In one such lesson, I will ask a student to count to five out loud, while the rest of the class waits. I then lead a discussion about whether we could write a complete and unbiased history of our classroom in those five seconds. Once we begin considering the scope of the variables, by asking what different people noticed during the five seconds, what they were thinking about, and what types of things we did not notice, the impossibility of the exercise quickly becomes apparent. This type of activity, which upsets students’ comfort with the concept of history as a single, fixed timeline, encourages them to question the motives and arguments of historical narratives in the world around them.

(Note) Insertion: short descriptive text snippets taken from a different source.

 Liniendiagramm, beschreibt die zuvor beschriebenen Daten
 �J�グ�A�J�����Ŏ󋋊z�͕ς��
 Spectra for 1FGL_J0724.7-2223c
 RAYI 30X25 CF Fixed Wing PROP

The Social and Disciplinary Value of Academic Teaching
This kind of pedagogical focus needs to be central to the work of academic historians. The teaching that we do is essential, both to the general public welfare and to the sustainability of our discipline. It is imperative that historians be a part of the public discourse, speaking to broad audiences as teachers. As professionals who study the past, our voices are needed in the civic square. If we do not speak out, others will say our parts for us; the recent incorporation of ahistorical European medievalisms into American white nationalist mythology should remind us of the important role that historians must play in helping to create and maintain an educated and historically conscious citizenry.

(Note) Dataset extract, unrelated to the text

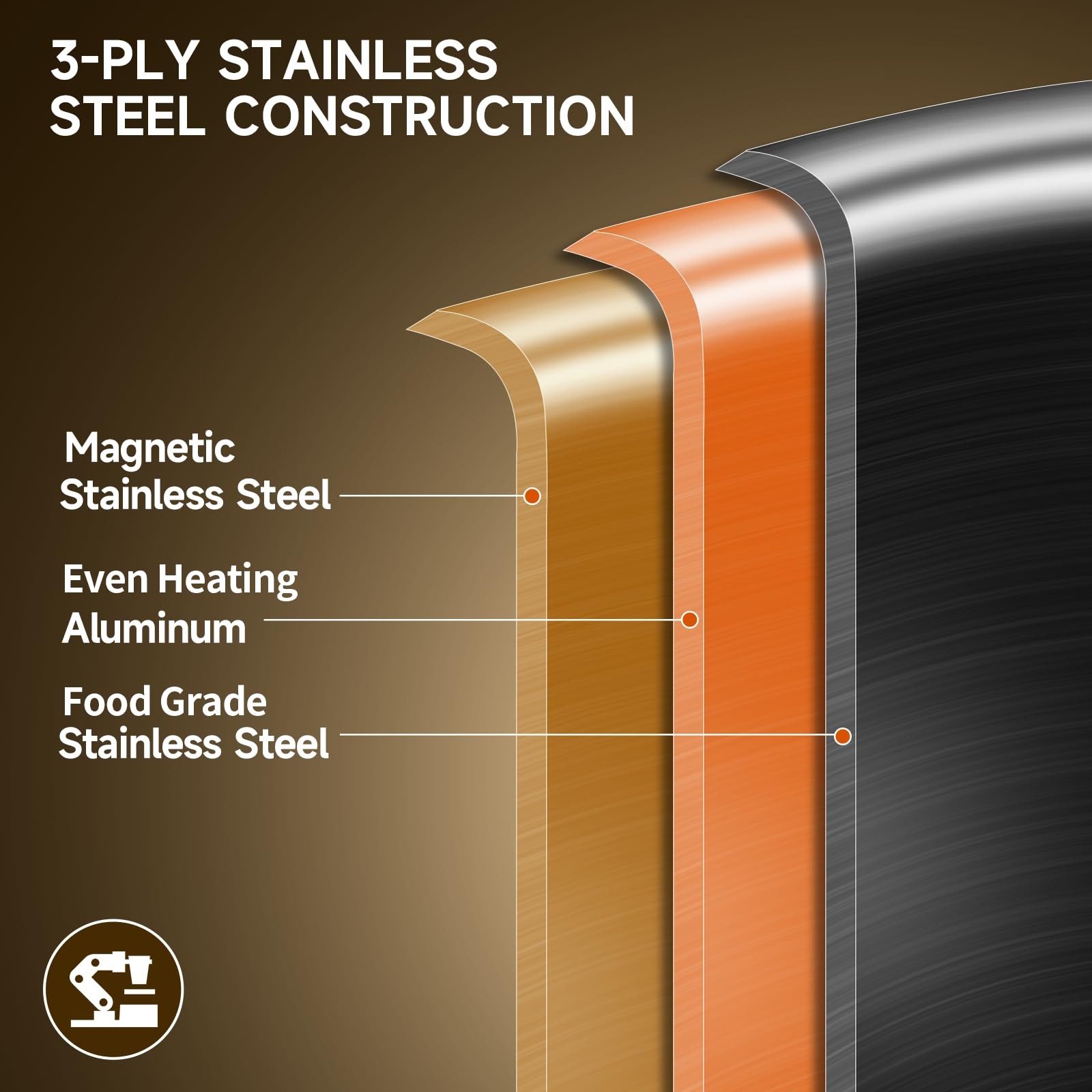 5 Qt Triply Stainless Steel Saut Pan With Lid12 Inch Deep Frying Panlarge Skille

In this, academics must be educators for the long haul. Most learning in life happens outside of a university setting, and we should aim to educate on a longer timeline than a mere four years. We need to try to reach people across the whole course of their lives, and to reach them where they are. To do so, historians need to embrace the idea of outreach and public engagement as a constituent part of scholarship. Digital humanities projects, more accessible academic writing, and personal participation at the local level are all ways that academic historians can expand the scope of their teaching to include a broader public.
Valuing the role of teaching in historical practice is not only socially necessary, but it is an emerging disciplinary necessity as well. We live in a moment where social and political actors are increasingly questioning the value of humanities programs in the curriculum. STEM fields are attracting more attention and more funding, both because of their easily obvious career streams into industry, and because their requisite skillsets are clear-cut and measurable. To be remain viable in this marketplace of funding and resources, historians need to make a counter-argument for our own value. We cannot do this by remaining isolated, and by talking only to ourselves. We have moved past the time when humanities scholars could afford to remain professionally secluded. Teaching broadly, and helping to create a better educated, intellectually careful public is perhaps the single most effective way that historians can demonstrate our social, political, and economic worth.